### PROMPT
Copy all entries exactly, and wherever an entry holds a picture, leave that picture out.

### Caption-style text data

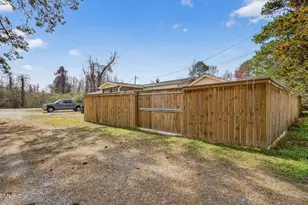 2001 Auburn Rd, Raleigh, NC 27610 - Photo 13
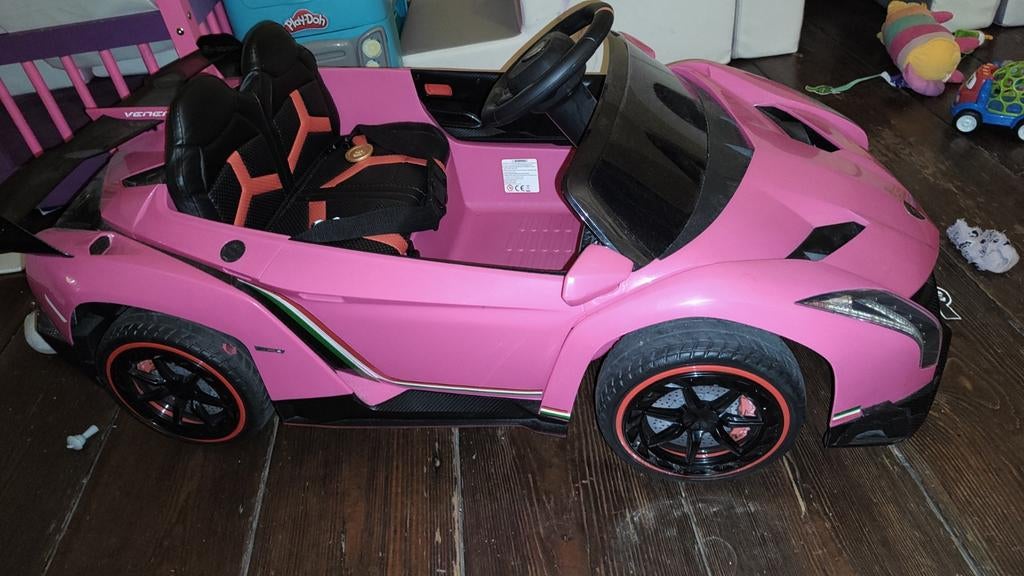 Voiture électrique enfant Lamborghini Veneno, Enfants & Bébés, Jouets | Extérieur | Véhicules à batterie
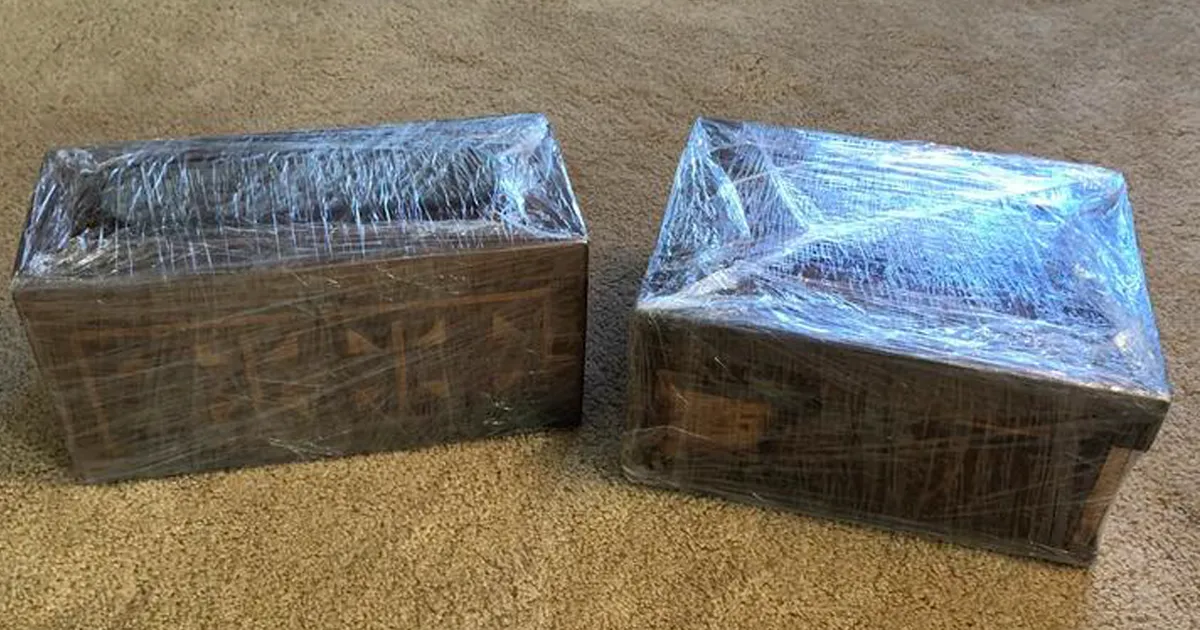 Un ladrón de bancos escondió algo en unas "cajas misteriosas", y 100 años después son abiertas por su bisnieto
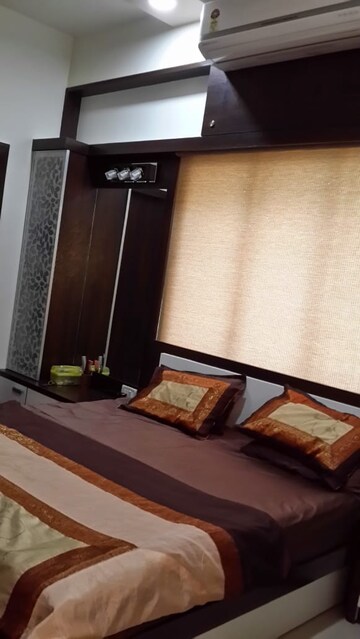 Room in 3 BHK Apartment at Shyamal – for Rent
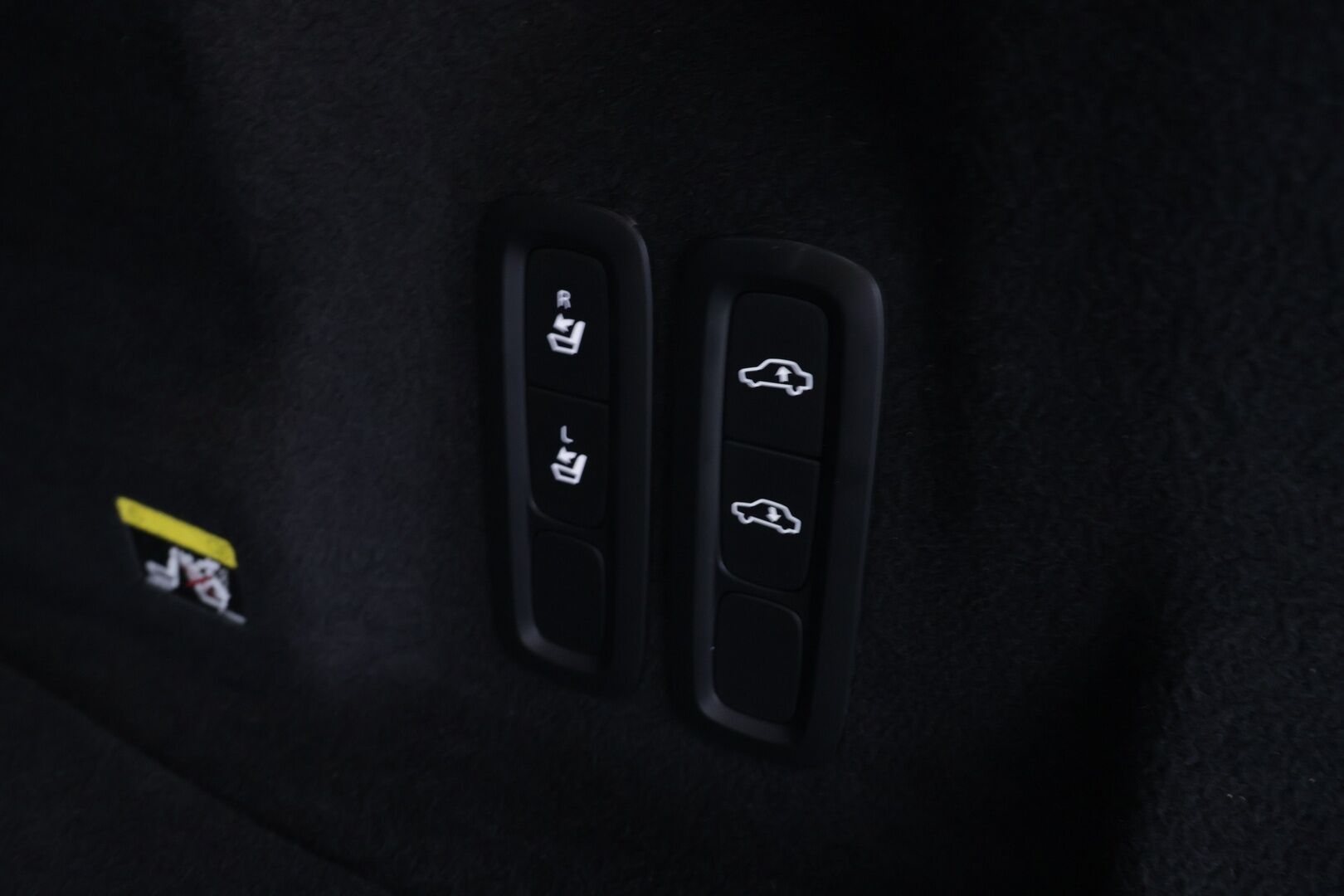 Volvo XC60 2018 T8 AWD Momentum aut  * ACC / Webasto / Panoraama / Ilma-alusta * - Luotettava neliveto / Huippu hieno / Kattavasti varusteltu! - HULLUT AVAJAISHULINAT KORKOTARJOUS 3,29 %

### YOUR RESPONSE
 2001 Auburn Rd, Raleigh, NC 27610 - Photo 13
 Voiture électrique enfant Lamborghini Veneno, Enfants & Bébés, Jouets | Extérieur | Véhicules à batterie
 Un ladrón de bancos escondió algo en unas "cajas misteriosas", y 100 años después son abiertas por su bisnieto
 Room in 3 BHK Apartment at Shyamal – for Rent
 Volvo XC60 2018 T8 AWD Momentum aut  * ACC / Webasto / Panoraama / Ilma-alusta * - Luotettava neliveto / Huippu hieno / Kattavasti varusteltu! - HULLUT AVAJAISHULINAT KORKOTARJOUS 3,29 %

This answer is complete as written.